Hace un rato estaba triste, profundamente triste. Más cansado que triste, todo hay que decirlo, pero me ha dado la solución un cava algo turbio, o eso me ha parecido, de Costers del Segre, del que me he bebido media botella, hasta ahora mismo, para acompañar unos guisantes que tenía congelados desde marzo, unos guisantes de mi vecina Antònia, con acento grave y gravedad más que probada, salteados, los guisantes, con su poquito de panceta, refrita en una cebolla previa, pochada con amor, con paciencia y con una cayena entera, arqueológica, que compro en una herboristería de Reus que parece una farmacia.

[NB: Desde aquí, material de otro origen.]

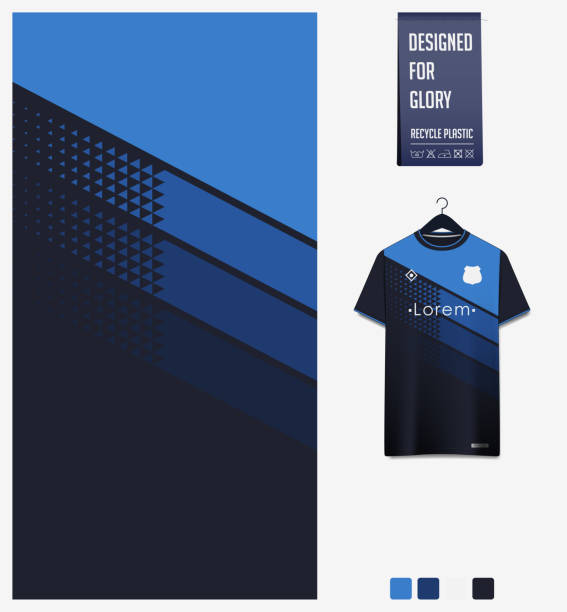 Soccer jersey pattern design. Geometric pattern on blue abstract background for soccer kit, football kit or sports uniform. T-shirt mockup template. Fabric pattern. Sport background. Soccer jersey pattern design. Geometric pattern on blue abstract background for soccer kit, football kit, bicycle, e-sport, basketball, t-shirt mockup template. Fabric pattern. Sport background. Vector Illustration. abstract shirts stock illustrations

Como me acuerdo de mis muertos cuando bebo, costumbre malsana de la que no pienso prescindir, mientras cocino, aunque sea poco, escribo de memoria un artículo, como dijo el último duque de Alba, don Jesús Aguirre, que hacía Vázquez Montalbán mientras trajinaba una paella. Y he escrito par coeur una oda a un cordero que me comí el otro día en Salamanca que me ahora me veo incapaz de reproducir. Y otra a una paella en Almaçora, de hace dos domingos, que mereció una sobremesa de cuatro horas a la sombra de un atardecer glorioso y de un licor de avellanas de cuyo nombre no quiero acordarme.
Ahora los artículos se han quedado quietos y como olvidados por culpa de que esto es un blog y a la gente le viene preocupando más las estrellas michelin o cuánta cebolla hay que ponerle al revuelto, o si puerros, o. ¡válgame Dios!, el botillo es el fin del mundo y la escalivada el oremus.
Queridos hermanos, la cocina es lo poco que nos queda. La cocina seria, la privada, la pública, la íntima y hasta la vergonzante. La cocina, que no la gastronomía. Y la letra. La cocina sin letra no es nada. Porque al final, y ya hablaremos de eso otro día, lo que queda es la letra. Desde el Buscón hasta Bocuse. El aroma es un recuerdo. Pero la letra es la memoria, la auténtica memoria. A estas horas, con estos pelos y con el resto de cava y de cayena justito en medio del cerebro. ¡Puta literatura!.